BEGIN WORKING DATA
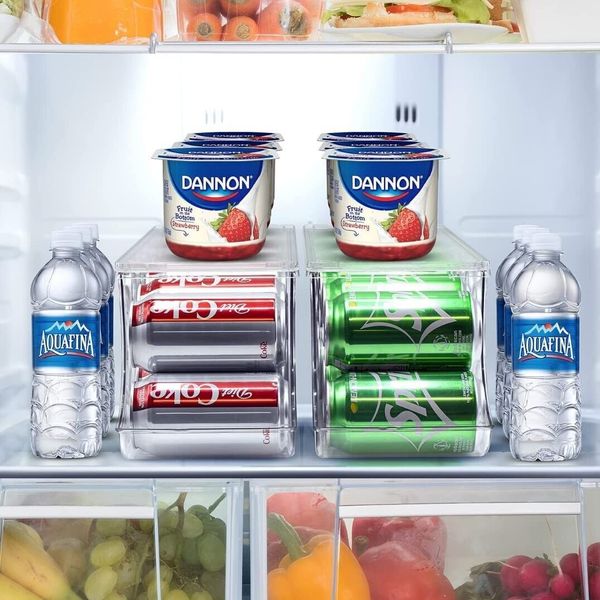 Clear Soda Can Organizer, Refrigerator Stackable Bin Dispenser with Lid - 2-Pack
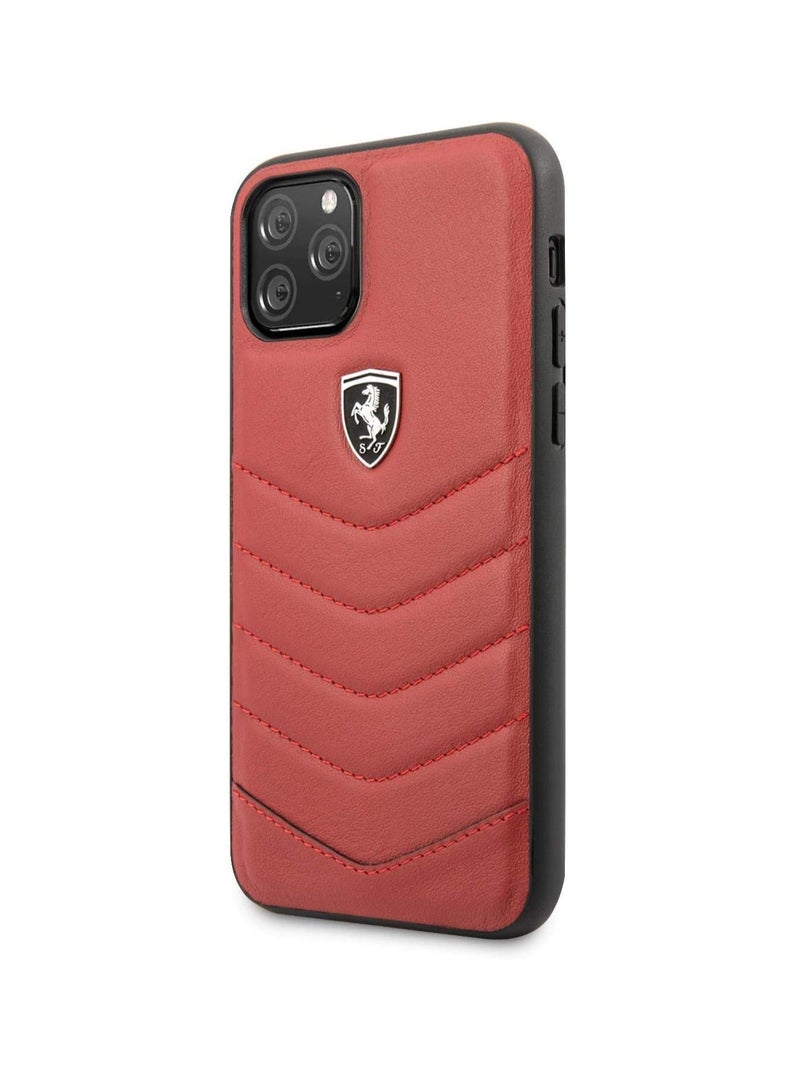 Ferrari Heritage Quilted Leather Hard Case - Red - iPhone 11 Pro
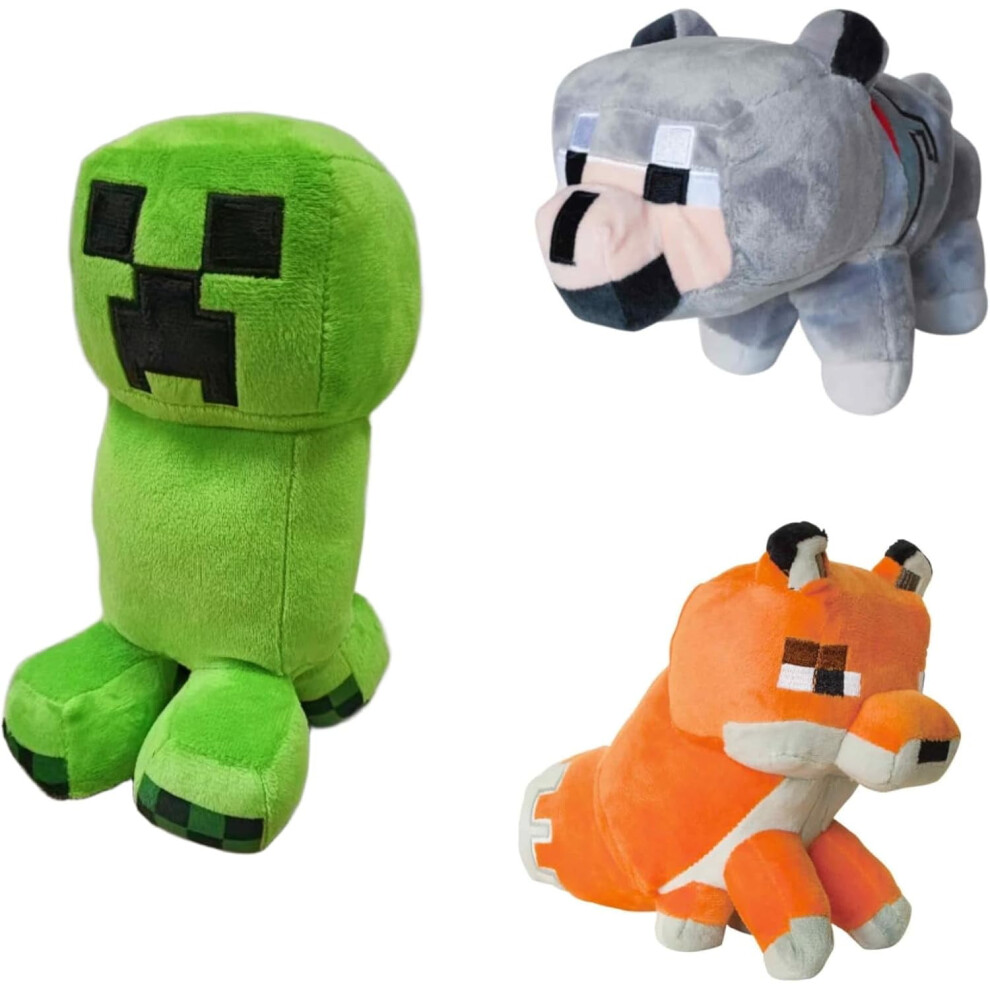 3 Pack Minecraft Game Plush Doll Toys, 7.9"/20cm Creeper Plush Toy, 8.6"/22cm Wolf, 7"/18cm Fox Stuffed Animal Toys, Christmas New Year Holiday-image-OPC-PHHJBTM-NEW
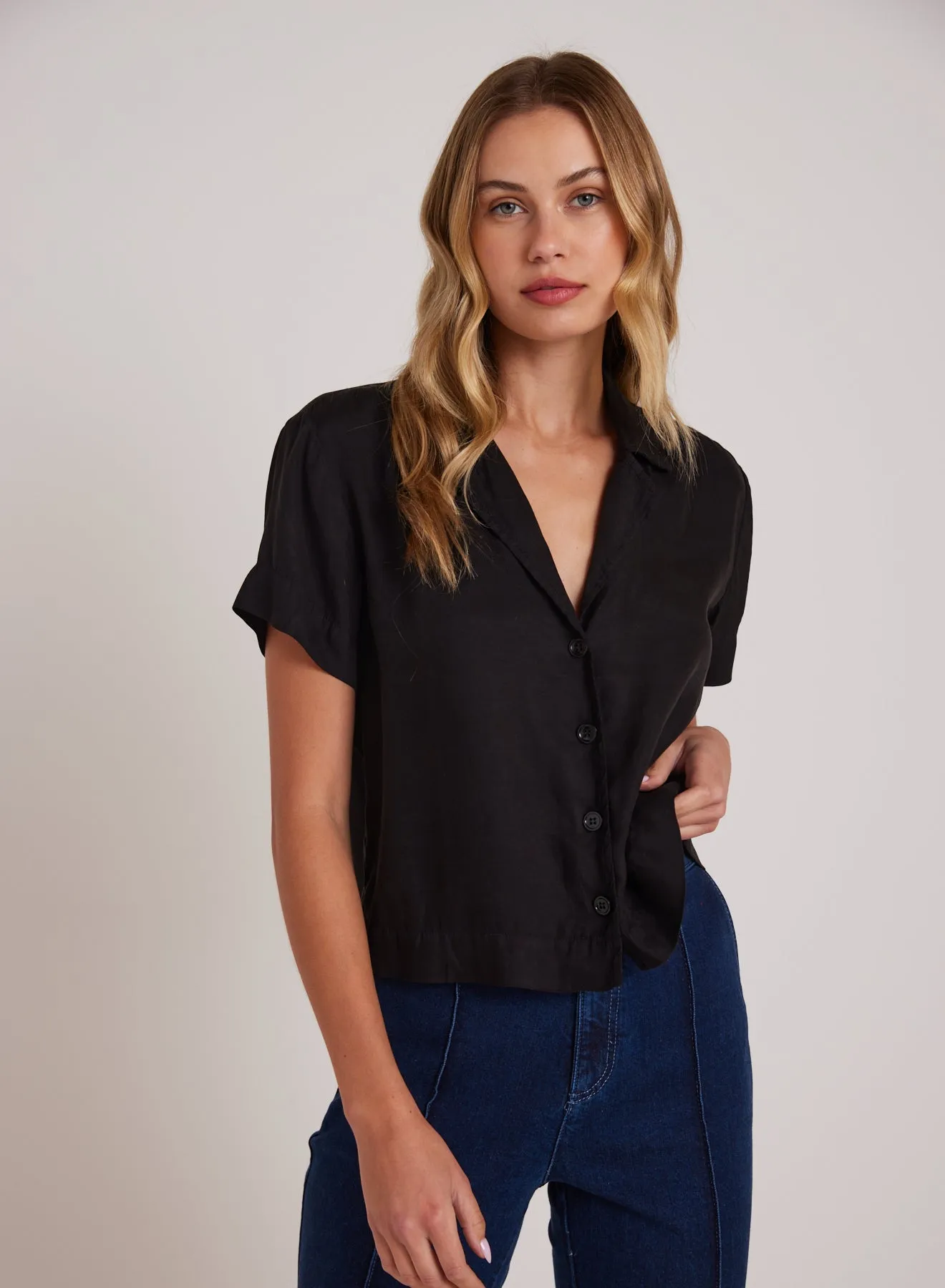 Short Sleeve Flowy Button Down - White
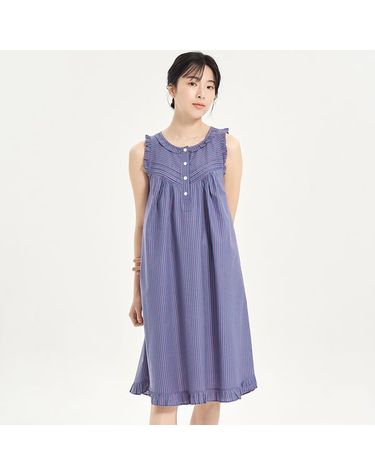 [보리보리] 진퍼플ST 여성 나시 순면 잠옷 원피스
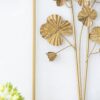 Metal Tree Wall Decor, Vertical Rectangular Flower Wall Accent - Gold - Image 7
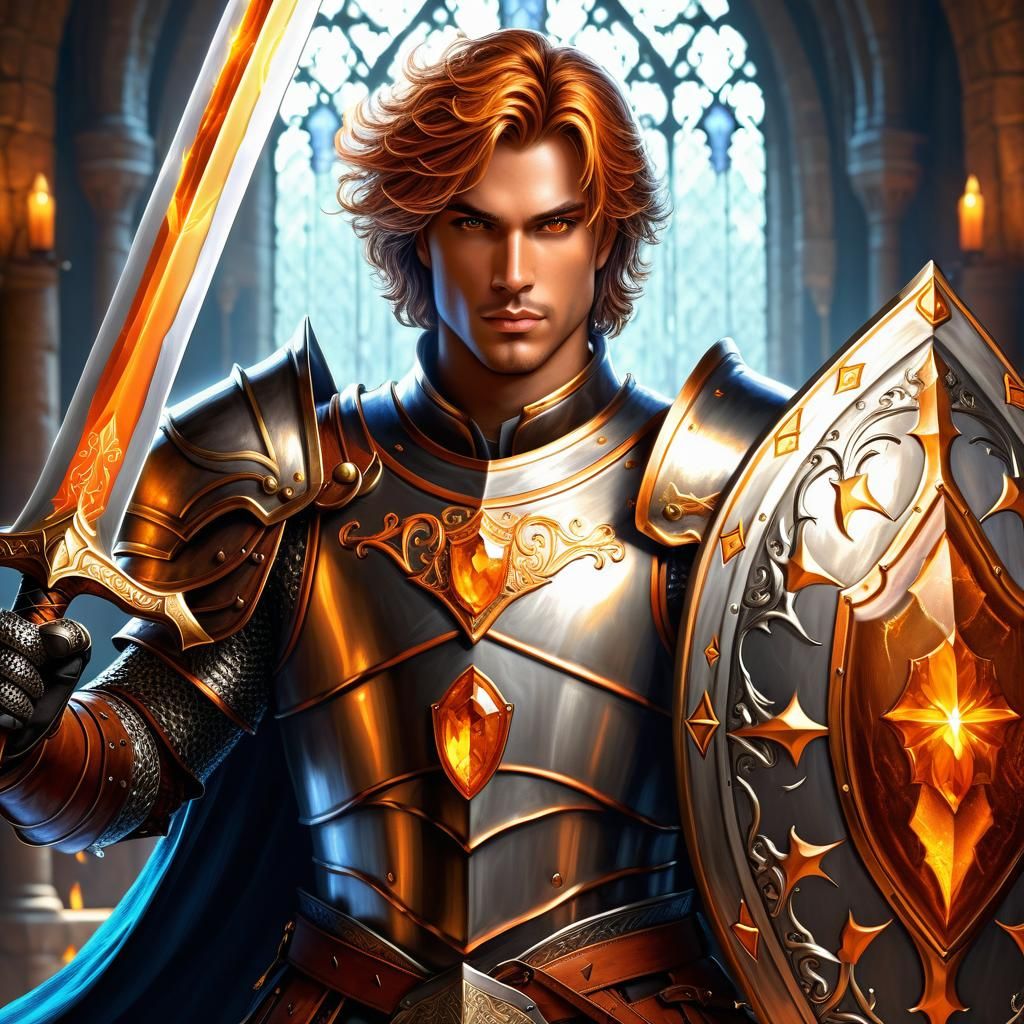 Citrine Knight Prince with Sword and Shield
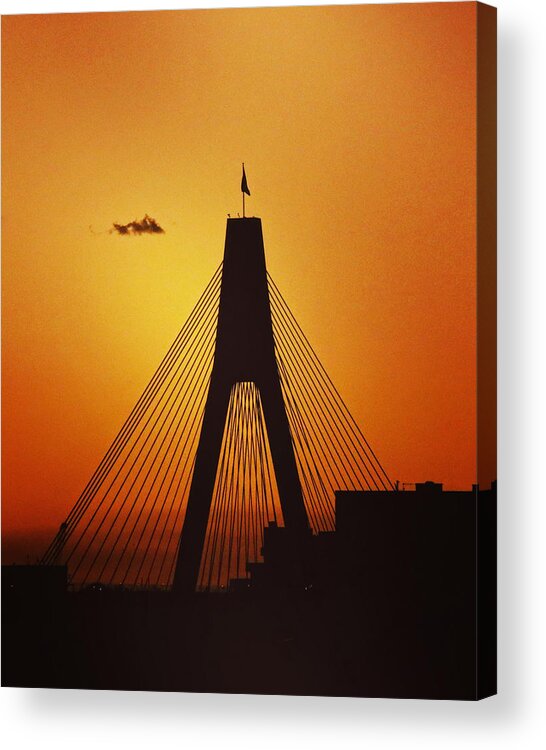 Anzac Acrylic Print featuring the photograph Anzac Bridge by Sarah Lilja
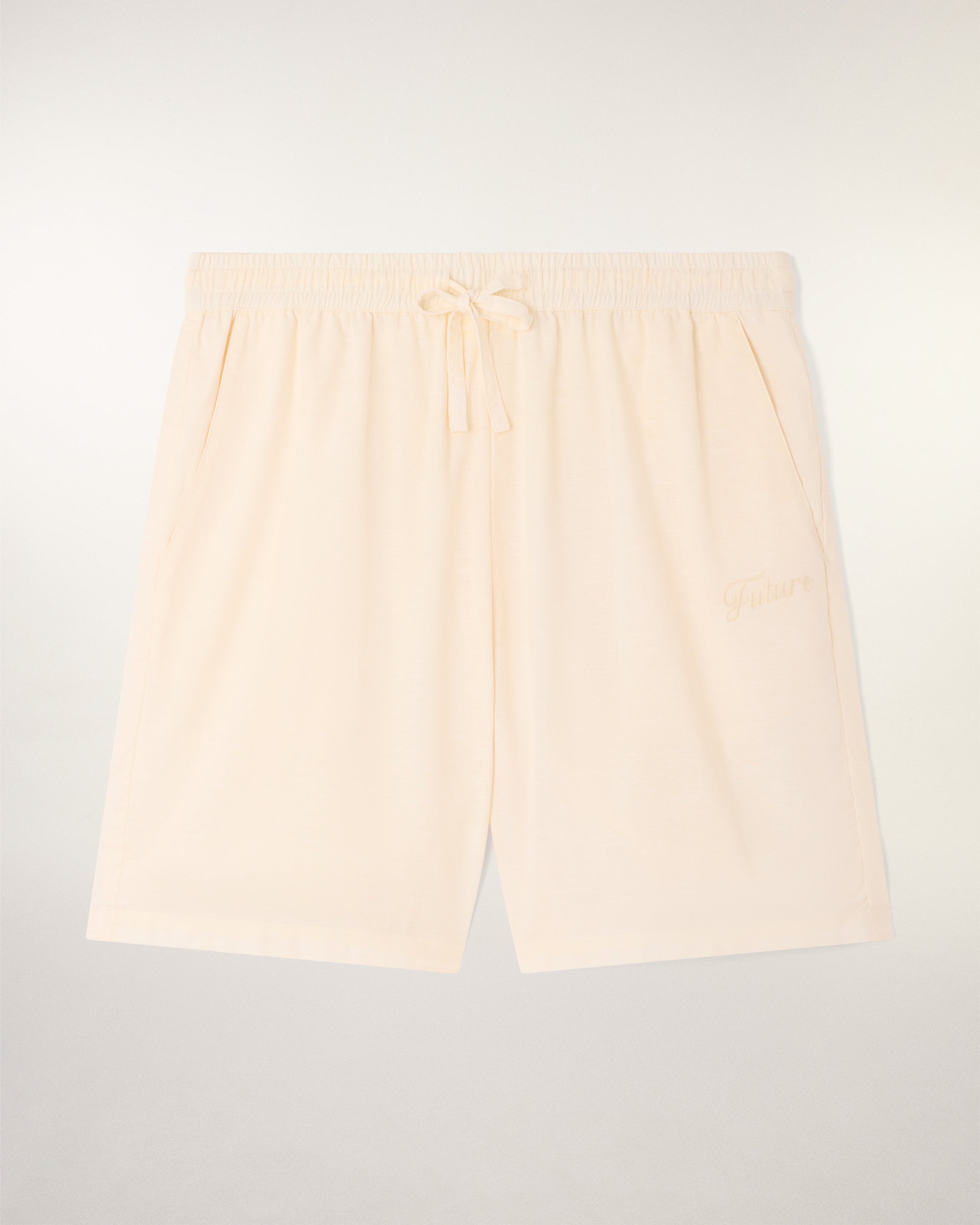 "Future" Embroidered Shorts (S26 / HOMME / Ecru)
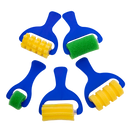 Medium Blue Tim & Tess Patterned Foam Rollers Set (5 Pieces) Kids Paint Brushes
END WORKING DATA
• PROBLEM STATEMENT
Leave out every picture, and repeat word for word only the lines from the one holding "Short Sleeve Flowy Button Down - White" through the end of the entries above, both ends included.

• RESULT
 Short Sleeve Flowy Button Down - White
 [보리보리] 진퍼플ST 여성 나시 순면 잠옷 원피스
 Metal Tree Wall Decor, Vertical Rectangular Flower Wall Accent - Gold - Image 7
 Citrine Knight Prince with Sword and Shield
 Anzac Acrylic Print featuring the photograph Anzac Bridge by Sarah Lilja
 "Future" Embroidered Shorts (S26 / HOMME / Ecru)
 Medium Blue Tim & Tess Patterned Foam Rollers Set (5 Pieces) Kids Paint Brushes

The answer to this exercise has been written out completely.